⚠️ Code is still in reviewing process and will be uploaded soon

GUDA-CLN

Motivation

Since the AVT dataset does not have any ground truth annotations and labeling the vast amount of data manually is costly and time-consuming, pre-trained supervised lane detection models are performing suboptimally as they are trained on another dataset. Due to the difference in data distribution between the AVT dataset and the dataset the model was trained on, a domain shift is introduced. This model leverages self-supervised monocular depth estimation as an auxiliary task to overcome the domain gap and the current SOTA-lane detection model as a baseline lane detector.

Architecture

This work proposes a novel geometric unsupervised domain adaptation for lane detection (GUDA-Lane) to overcome the domain shift between a source dataset and target dataset. The model is composed of three networks:

A lane detection network $f_L: I \rightarrow \hat{M}$ that takes an image $I$ as input and outputs a set of lanes $\hat{M}$
A depth estimation network $f_D: I \rightarrow \hat{D}$ that takes an input image $I$ as input and outputs a estimated depth map $\hat{D}$
A pose estimation network $f_P: {I_s, I_t} \rightarrow \hat{T}_{s\rightarrow t}$ that takes a source $I_s$ and a target image $I_t$ as input and outputs a transformation $\hat{T}_{s\rightarrow t}$ between them

To perform the domain adaptation, a feature sharing module (FSM) between the two image encoders of the lane detection and depth estimation network is introduced.

How to run

Setup

Create and start conda environment

conda env create -f environment.yml
conda activate guda-cln

DLA backbone

When starting this project, LaneAF was used as the lane detection baseline. However, as it is quite computationally complex, I opted for CondLaneNet. LaneAF itself does work in this project, however, it is not possible to use the domain adaptation as it would need to be implemented first. Since LaneAF uses the DLA backbone instead of a ResNet, it is also included in this repo. So, if you want to use it, run the following before using it:

cd networks
git clone [email protected]:chenandy/DCNv2.git
cd DCNv2
./make.sh

Data Prep

This model uses TuSimple as the source domain, i.e. utilizing its labels, and BDD100K as the target domain, i.e. only utilizing the monocular video sequences.
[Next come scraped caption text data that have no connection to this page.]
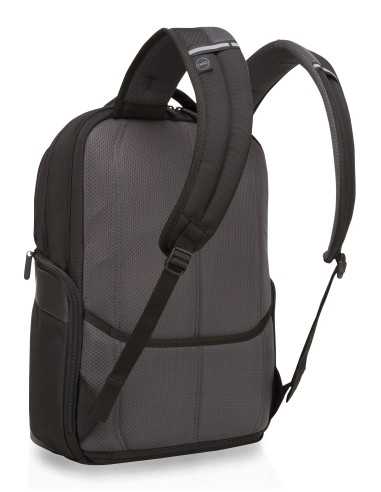 DELL PF-BP-BK-7-17 borsa per notebook 43,2 cm (17") Zaino Nero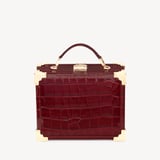 Trunk Deep Shine Bordeaux Croc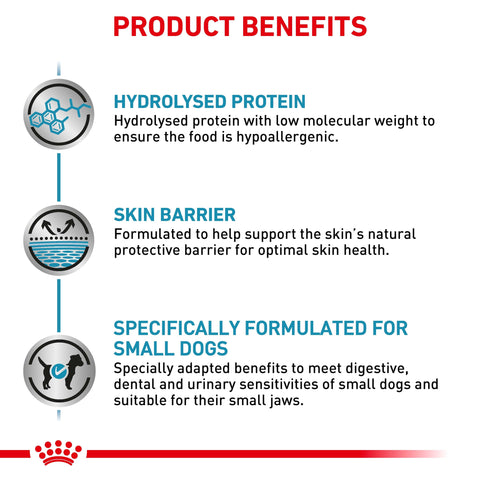 Royal Canin Small Dog Hypoallergenic 3.5kg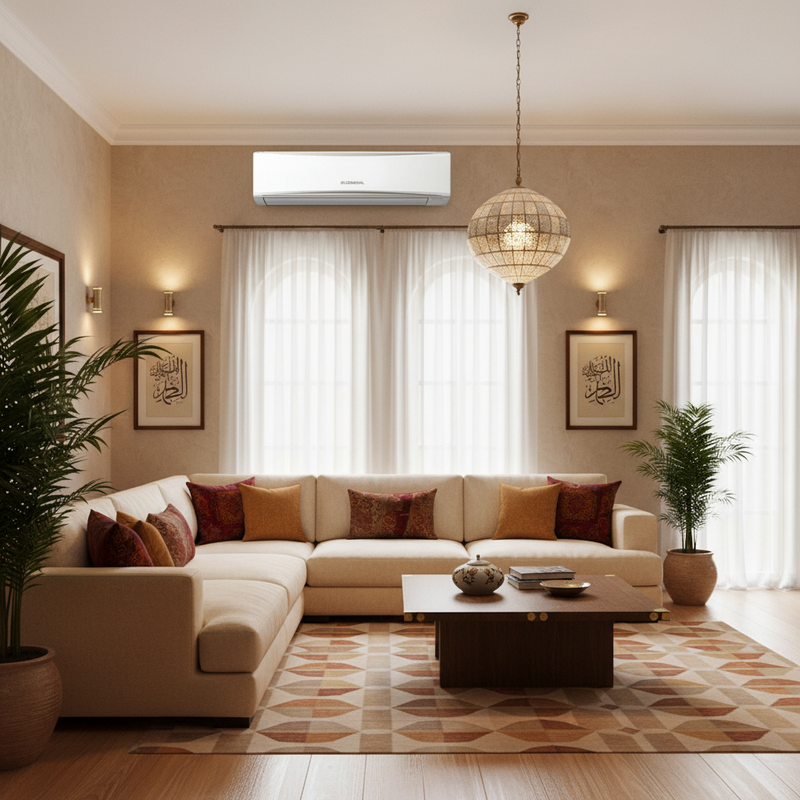 Load image into Gallery viewer, O General 3.0 Ton Wall Mounted Inverter Split AC CXTA Series
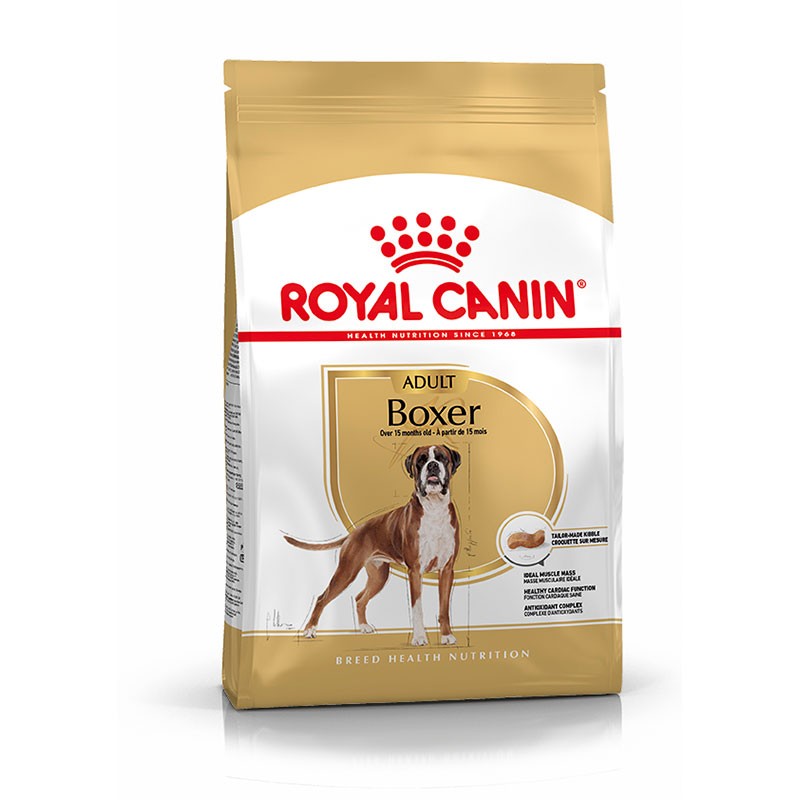 ROYAL CANIN Boxer Adult pienso para perro Boxer adulto salud cardíaca y masa muscular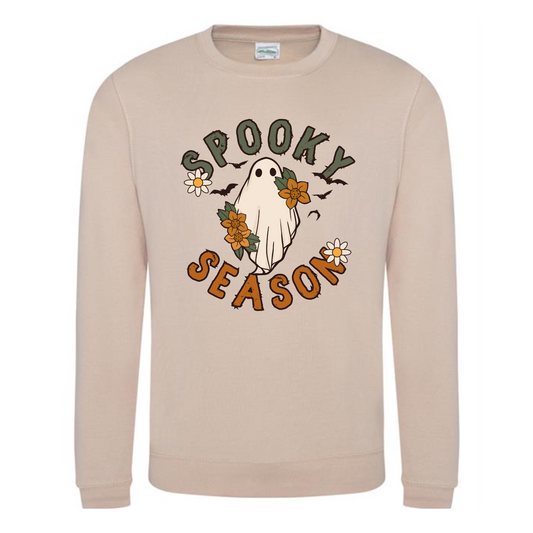 Retro Spooky Season - Women's Sweatshirt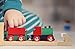 Conductor Carl Wood Train Track Expansion Packs| Compatible with Most Train Tracks| Track Bumpers -1 Count (Pack of 6)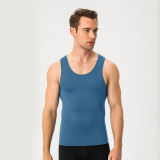 Versatile Compression Workout Tank for Men
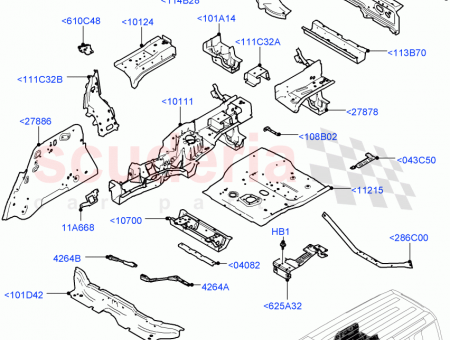 Photo of BRACKET SEAT SUPPORT…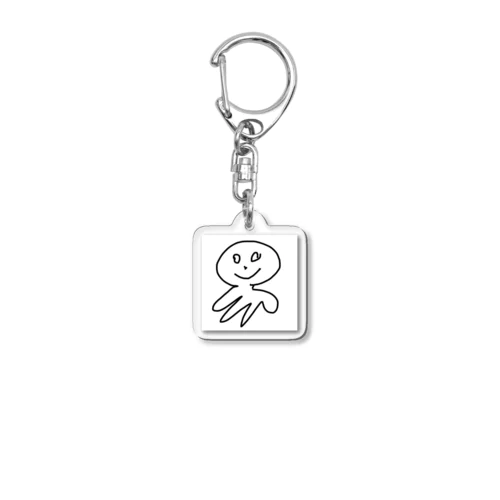 なまちゅてグッズ Acrylic Key Chain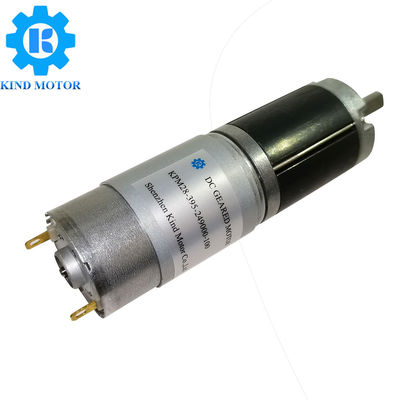 24 volts ont balayé le C.C ont embrayé le diamètre du moteur 28mm avec l'axe plat de 6mm D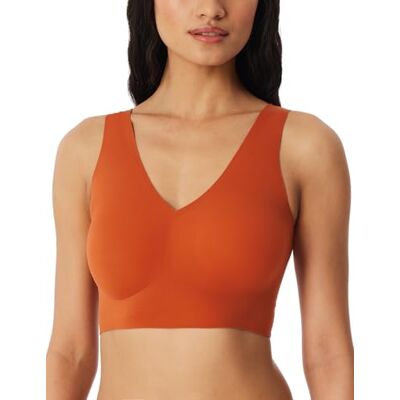 Schiesser Damen nahtloses Bustier mit herausnehmbaren Pads Invisible Soft Schiesser Damen nahtloses Bustier mit herausnehmbaren Pads Invisible Soft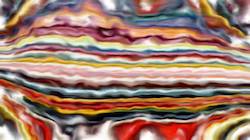 Sixth of 'reflets &mdash; paint synthesiser classic &mdash; 3.5 collection watercolour 4'.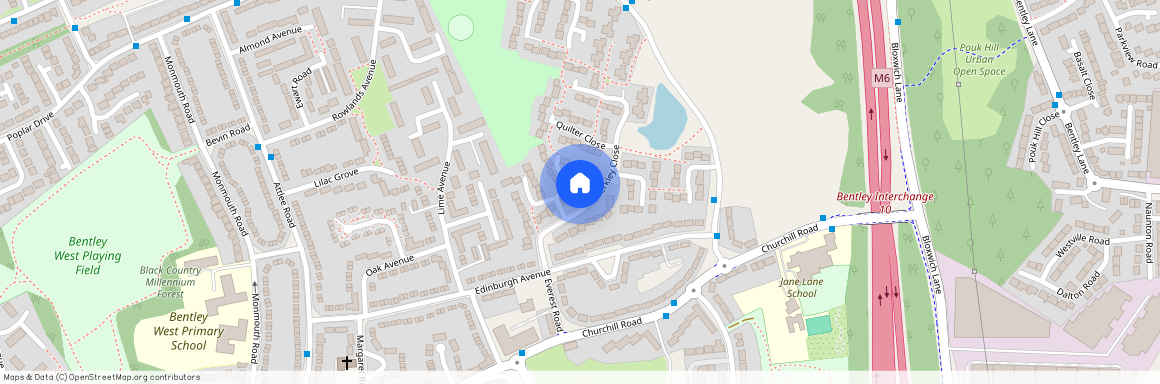 Dyson Close, Walsall, WS2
To prepare the datasets, copy ./data to anywhere you want to save your data. Specific download routines have already been created, so to download and prepare the datasets, run the following:

# For TuSimple
cd <path-to-data>/data/tusimple
./setup_tusimple.sh
cd <path-to-guda-cln>
python datasets/utils.py --task extract-lines-txt --dataset tusimple --data_path <path-to-data>/data/tusimple

# For BDD100K
cd <path-to-data>/data/bdd100k
./setup_bdd100k.sh
cd <path-to-guda-cln>
python datasets/utils.py --task extract-lines-txt --dataset bdd100k --data_path <path-to-data>/data/bdd100k

To inference the model on any other dataset, the data must be stored as images.

Training

A sample script for training the model is provided in ./scripts/sample_train.sh. Each argument is explained there and also in ./options.py.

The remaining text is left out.